The EO Portal page on GOCE provides a lot of information and references, including for the Drag Free and Attitude Control System (DFACS). It includes this block diagram:
(source; credit: Thales Alenia Space)
The block diagram is for the Drag Free Mode (DFM) of the controller (it has four different control modes).
On the top-right is the Ion Propulsion Assembly (IPA) control output. At the bottom-right the Magnetic Torquers (MTR) control output. Those are the two actuation outputs available to the DFM.
The inputs are:
- Electrostatic Gravity Gradiometer (EGG): this is actually the primary science instrument. It measures the gravity gradient.
- Satellite-to-Satellite Tracking Instrument (SSTI): this is the secondary science. It measures position by tracking up to 12 GPS satellite signals.
- Three 3-axis Magnetometers (MGM)
- Three Star Trackers (STR)
In addition, the spacecraft was equipped with Laser Retro Reflectors (LRR). These were not input for the control, but instead provide a means to do precise orbit determination from the ground as an independent verification.
The block diagram is, of course, much simplified. It's more like this block diagram, taken from the paper by E. Canuto, "Drag-Free and Attitude Control for the GOCE satellite (hat tip @Organic Marble):
Without going into too much detail, what we see here is the following:
- In blue boxes, a mathematical representation of the spacecraft dynamics (model); the model outputs are compared against the actual spacecraft behaviour, and the resulting difference (error) is fed into noise (disturbance) estimators (in purple/pink, on the right)
- In yellow/green, the sensors
- The control law (drag-free trajectory computation, fuel saving, etc.) in purple/pink on the left.
One of the main difficulties is how to decouple the control signals from the science signals, meaning: how to ensure that the control is only compensating for non-gravity disturbances. The paper explains this in much detail and a lot of math.
A paper by M. Romazzano et al., "IN-ORBIT EXPERIENCE WITH THE DRAG-FREE ATTITUDE AND ORBIT CONTROL SYSTEM OF ESA'S GRAVITY MISSION GOCE" explains it at a high-level: the EGG consist of six sensors, arranged in three pairs aligned with along-track, cross track and vertical axis of the local coordinate reference frame.

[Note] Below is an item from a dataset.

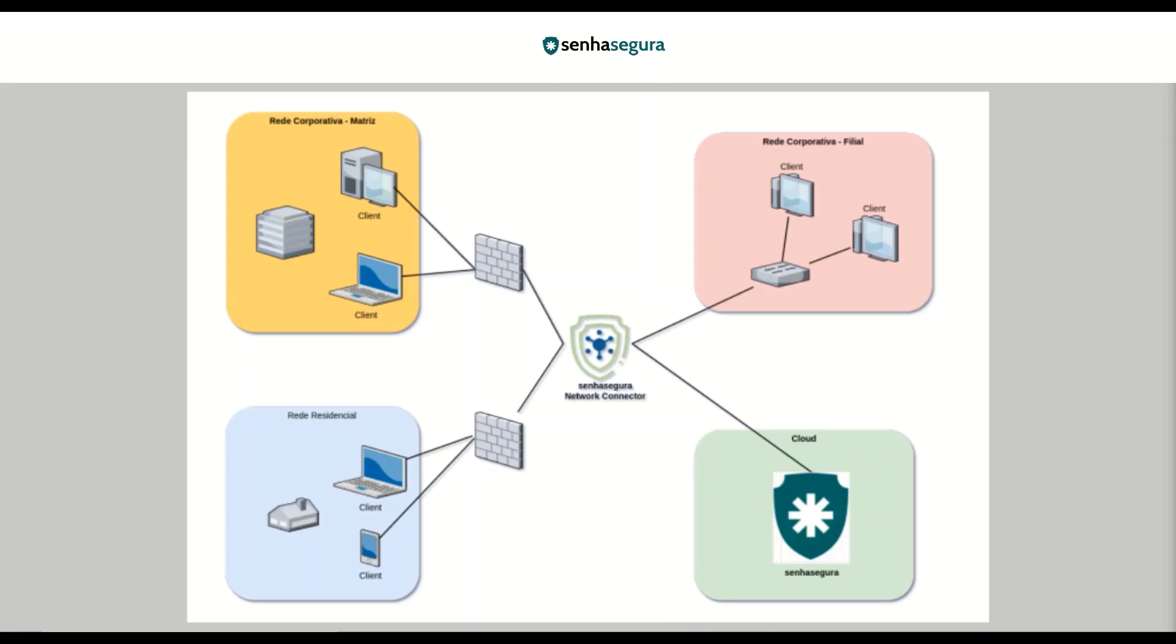The Network Connector supports all the connection types available with SenhaSegura such as RDP, SSH, Telnet, HTTP, HTTPS, etc. So, let's divide the Network Connector in two parts, the SenhaSegura Network Connector server and the SenhaSegura Network Connector client.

By taking the common mode signals are the input to the controller, the differential signals are the science signal, the idea being that the common mode disturbance signals are caused by disturbances common to both sensors on the same axis, like drag.
The uniqueness of the control is (somewhat opinionated) in the combination of the following:
- The control is based on a real-time model of the spacecraft. The model (actually the EGG) was re-calibrated by shaking the entire spacecraft periodically using a dedicated set of thrusters (the Gradiometer Calibration Assembly (GCA)).
- The attitude control relied on stabilisation by the aerodynamic design of the spacecraft to reduce actuation noise in the measurements. The design was also symmetric for this reason.
- The orbit control relied on a low-thrust ion drive that was almost continuously on for the same reason (near continuous low thrust is better than discrete bursts of higher thrust).
- It is unconventional to see the orbit control thruster aligned with the orbit at all times.